_Caption-style text data_.
::::

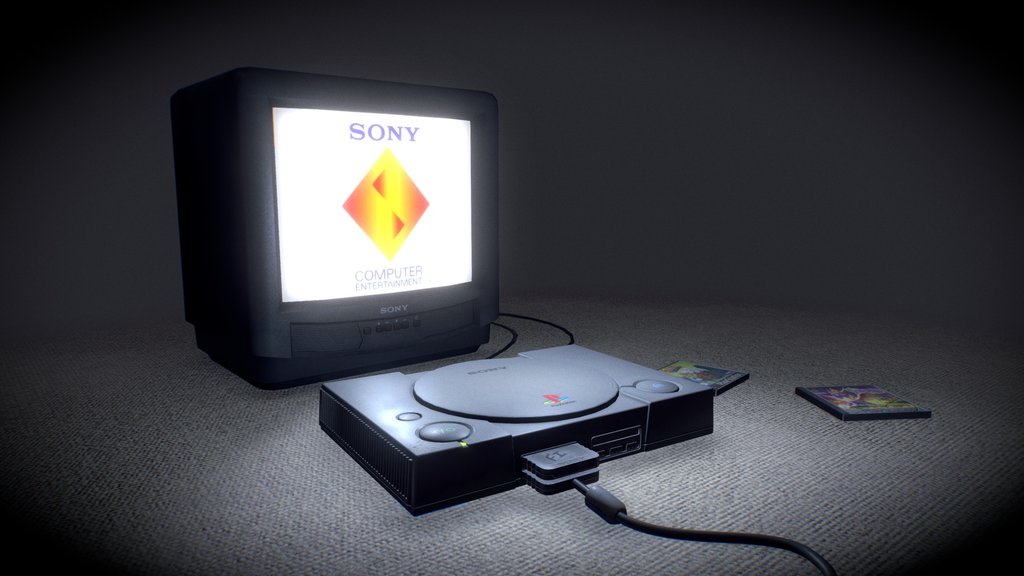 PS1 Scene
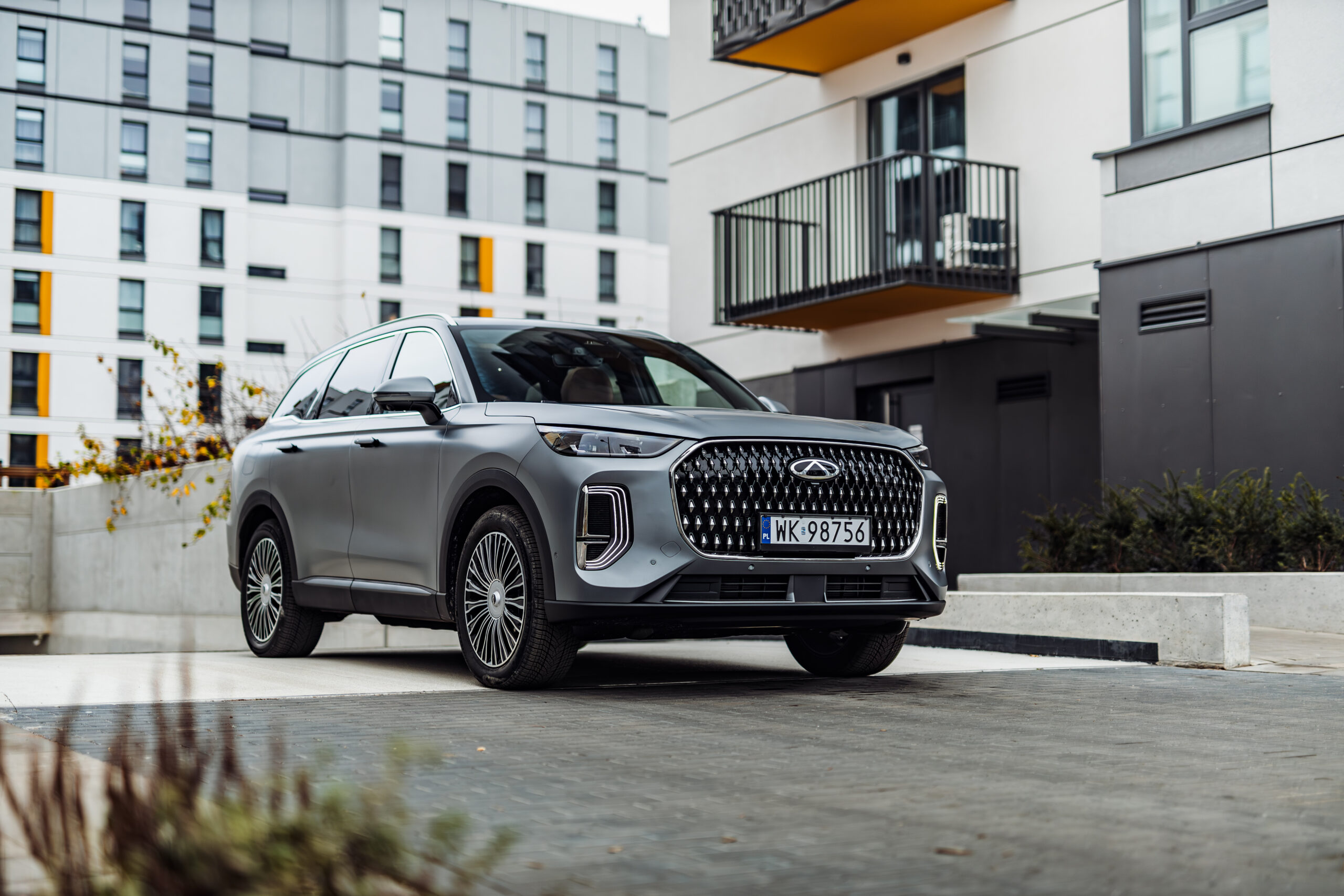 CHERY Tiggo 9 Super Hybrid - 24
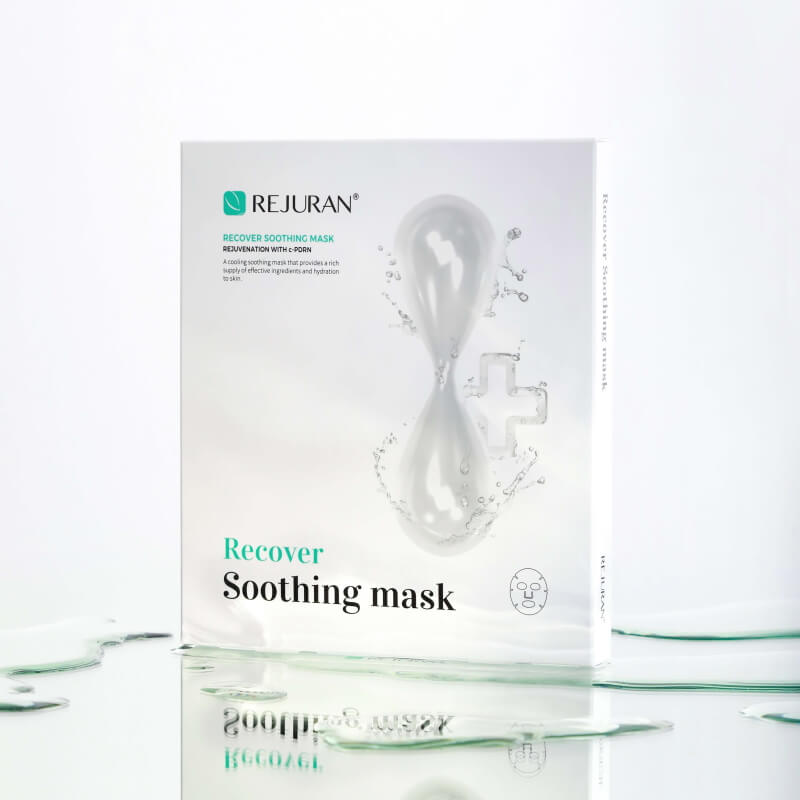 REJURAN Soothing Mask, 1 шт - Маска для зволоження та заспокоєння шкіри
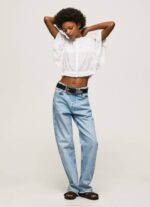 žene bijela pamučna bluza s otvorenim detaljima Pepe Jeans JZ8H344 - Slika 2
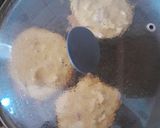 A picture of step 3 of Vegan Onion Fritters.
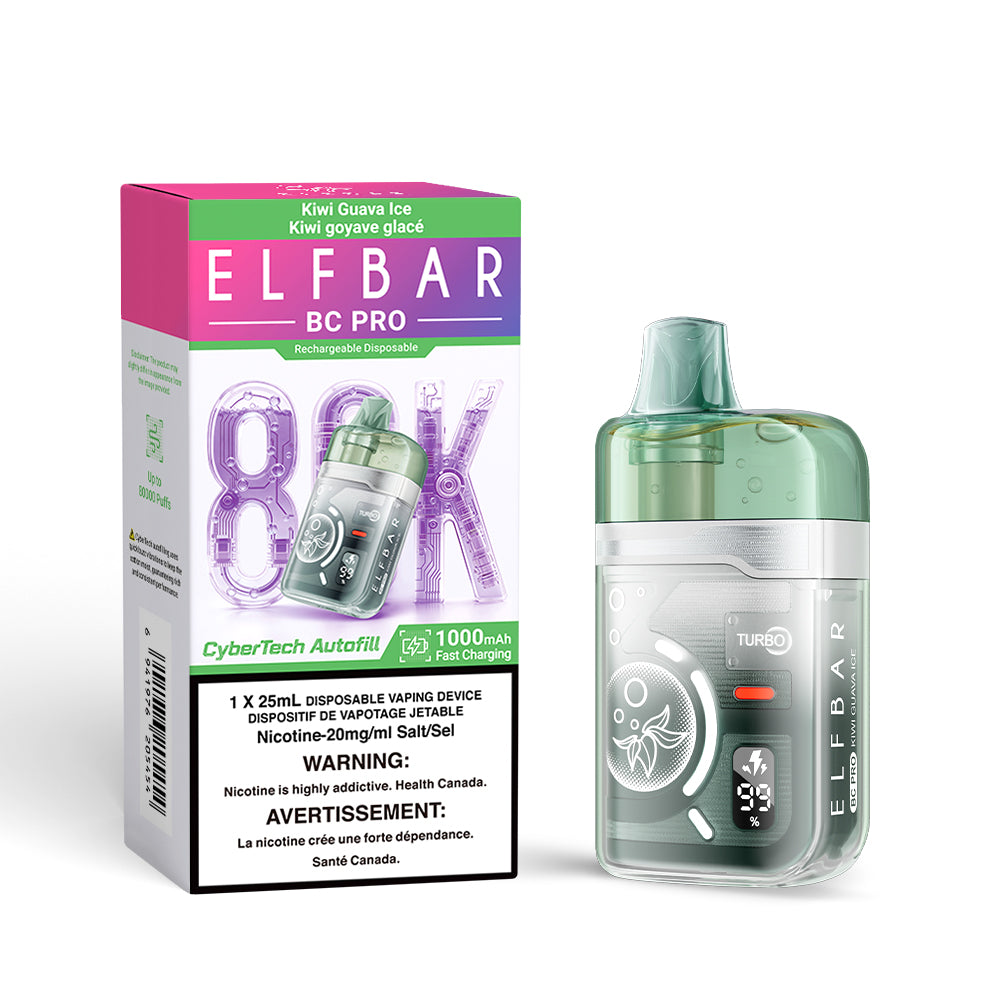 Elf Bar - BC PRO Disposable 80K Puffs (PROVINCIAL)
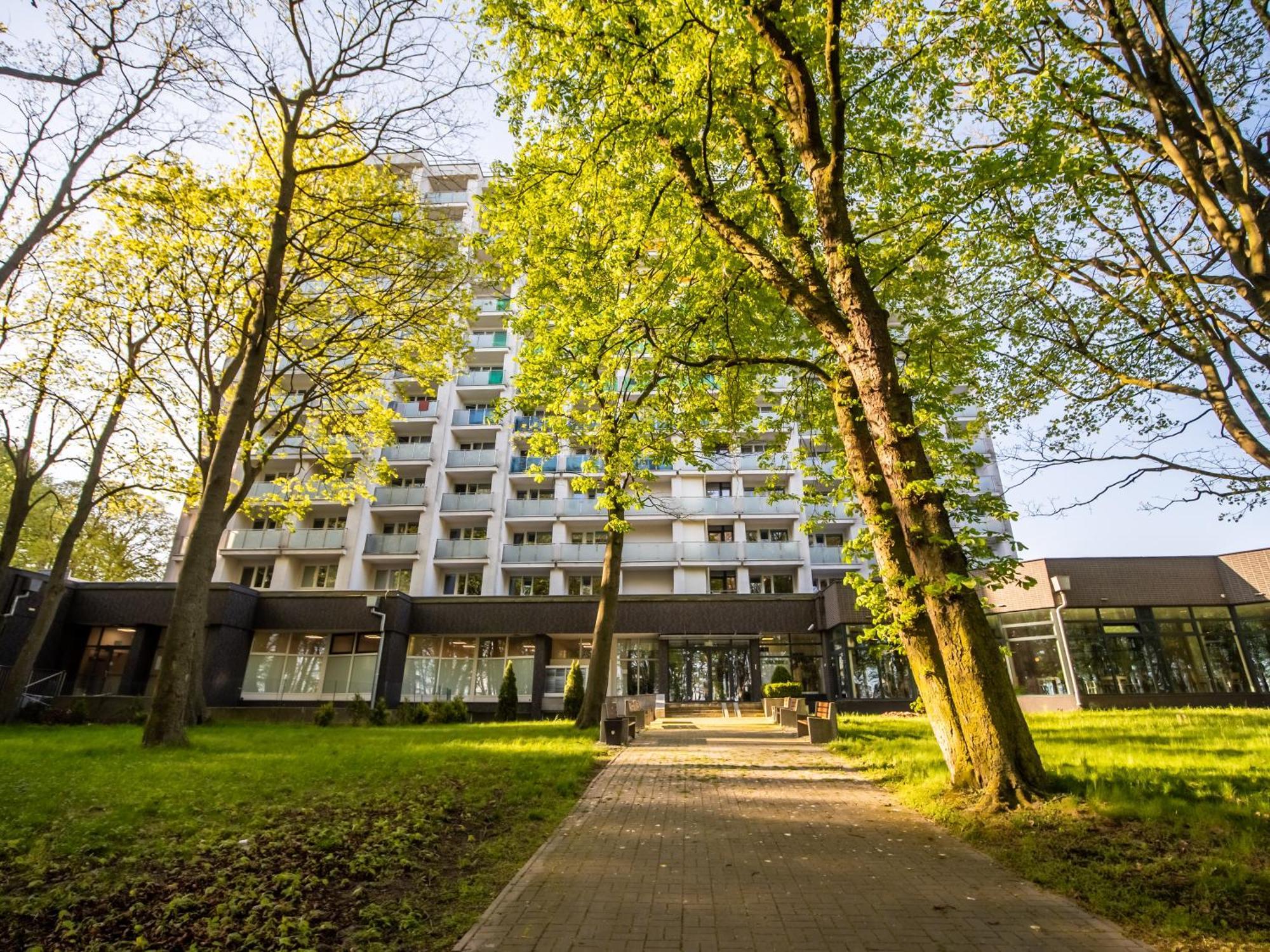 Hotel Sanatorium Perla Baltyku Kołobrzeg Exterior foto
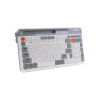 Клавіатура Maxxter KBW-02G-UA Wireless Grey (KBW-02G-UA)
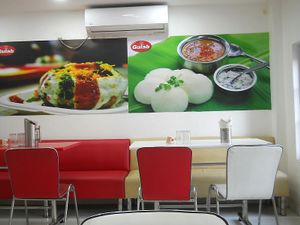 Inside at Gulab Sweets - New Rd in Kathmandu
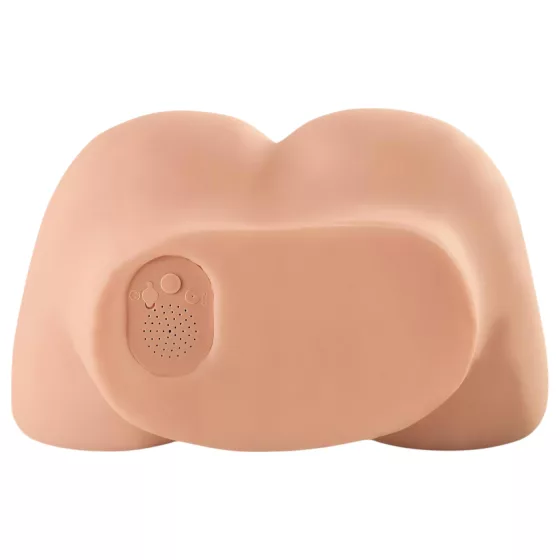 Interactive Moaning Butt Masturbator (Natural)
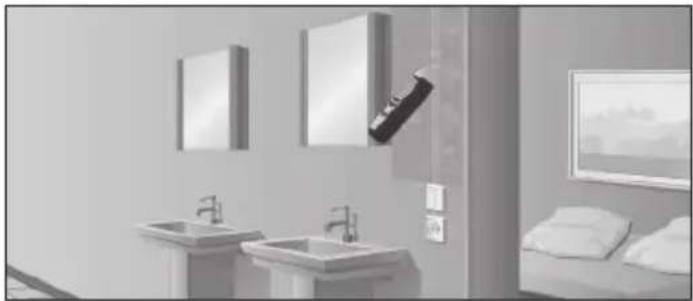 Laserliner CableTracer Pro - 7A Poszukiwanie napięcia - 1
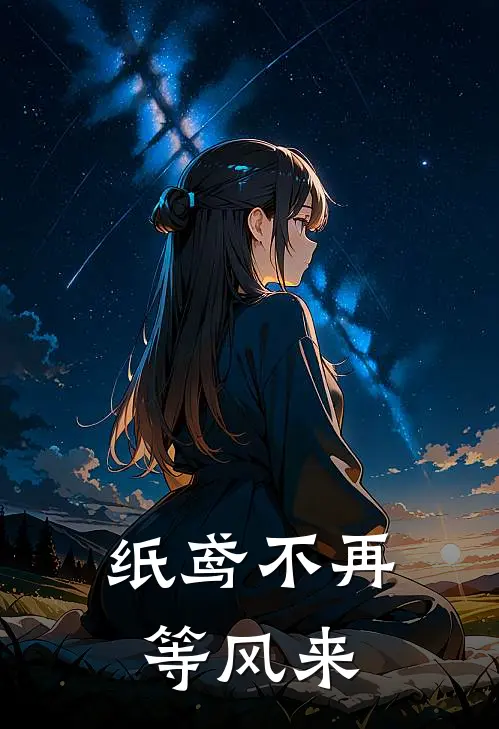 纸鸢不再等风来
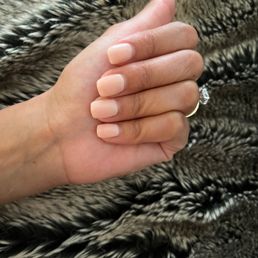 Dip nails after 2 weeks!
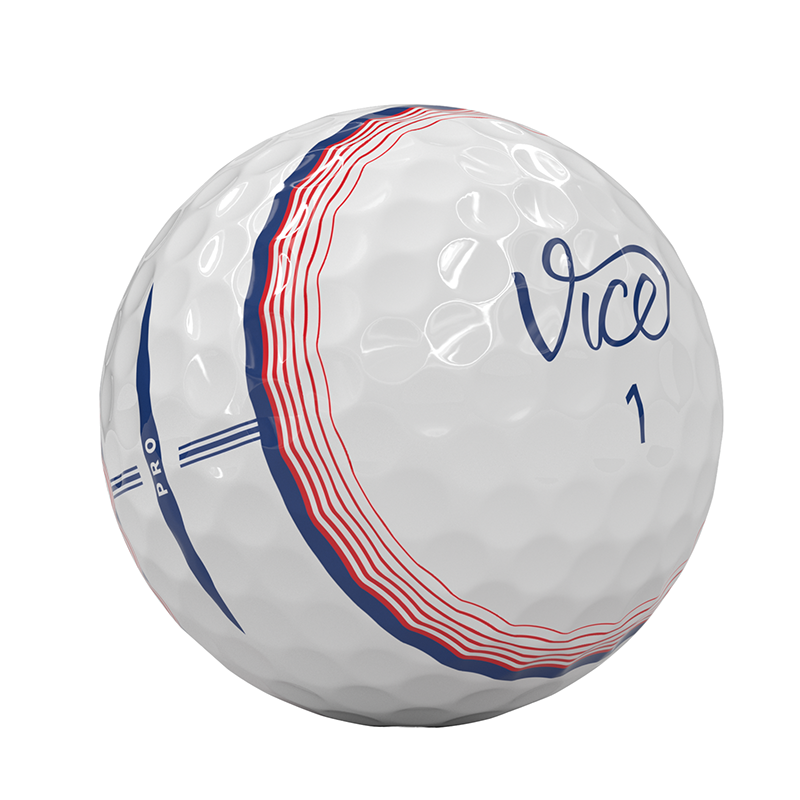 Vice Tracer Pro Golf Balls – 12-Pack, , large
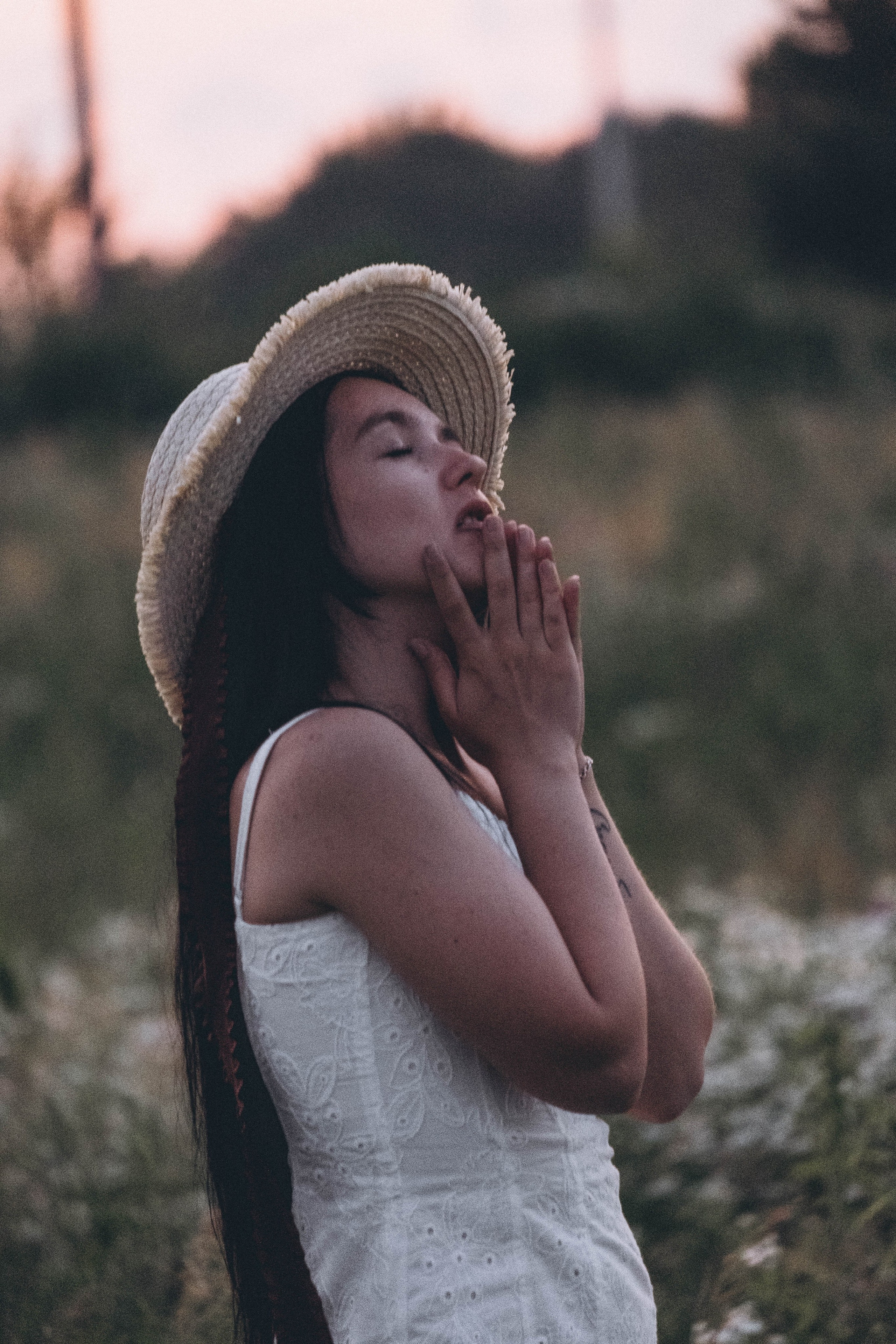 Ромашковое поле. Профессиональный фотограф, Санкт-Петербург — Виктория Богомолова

::::

What's needed here is an exact repeat of all the records above, pictures excluded.

_Answer to this task_.
 PS1 Scene
 CHERY Tiggo 9 Super Hybrid - 24
 REJURAN Soothing Mask, 1 шт - Маска для зволоження та заспокоєння шкіри
 žene bijela pamučna bluza s otvorenim detaljima Pepe Jeans JZ8H344 - Slika 2
 A picture of step 3 of Vegan Onion Fritters.
 Elf Bar - BC PRO Disposable 80K Puffs (PROVINCIAL)
 Hotel Sanatorium Perla Baltyku Kołobrzeg Exterior foto
 Клавіатура Maxxter KBW-02G-UA Wireless Grey (KBW-02G-UA)
 Inside at Gulab Sweets - New Rd in Kathmandu
 Interactive Moaning Butt Masturbator (Natural)
 Laserliner CableTracer Pro - 7A Poszukiwanie napięcia - 1
 纸鸢不再等风来
 Dip nails after 2 weeks!
 Vice Tracer Pro Golf Balls – 12-Pack, , large
 Ромашковое поле. Профессиональный фотограф, Санкт-Петербург — Виктория Богомолова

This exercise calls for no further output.